Task prompt:
Reproduce the listing below character for character; drop every image.
═════ Dataset excerpt ═════
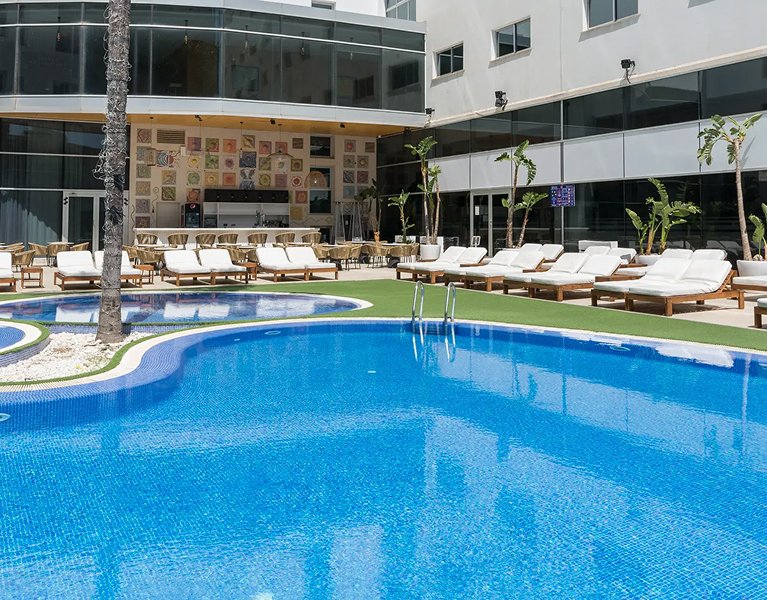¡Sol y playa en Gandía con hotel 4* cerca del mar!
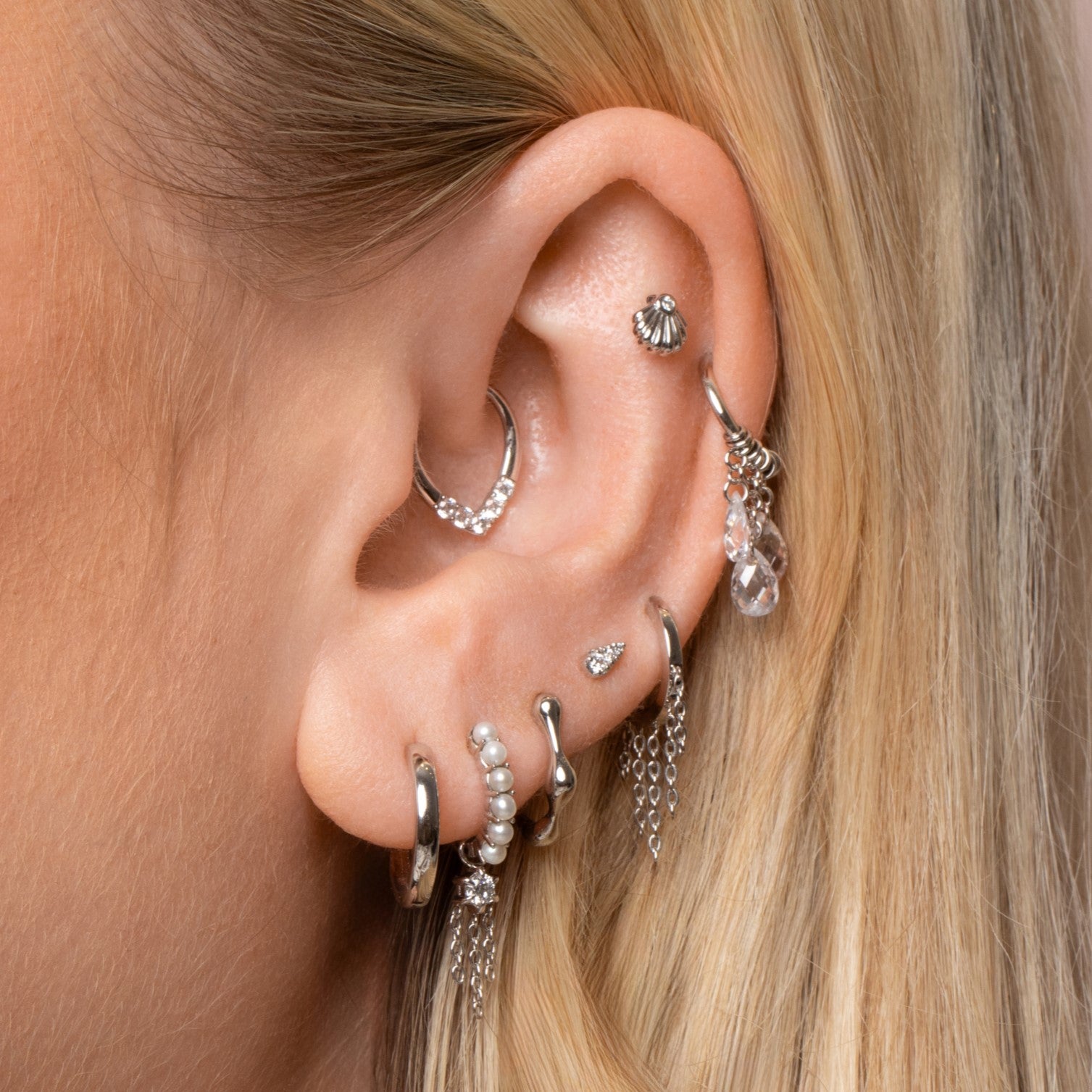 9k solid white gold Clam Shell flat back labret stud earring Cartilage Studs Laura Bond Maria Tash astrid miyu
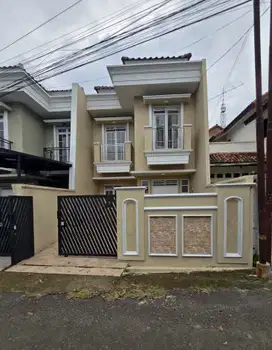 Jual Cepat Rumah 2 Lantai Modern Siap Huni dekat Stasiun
═════
Your response:
¡Sol y playa en Gandía con hotel 4* cerca del mar!
 9k solid white gold Clam Shell flat back labret stud earring Cartilage Studs Laura Bond Maria Tash astrid miyu
 Jual Cepat Rumah 2 Lantai Modern Siap Huni dekat Stasiun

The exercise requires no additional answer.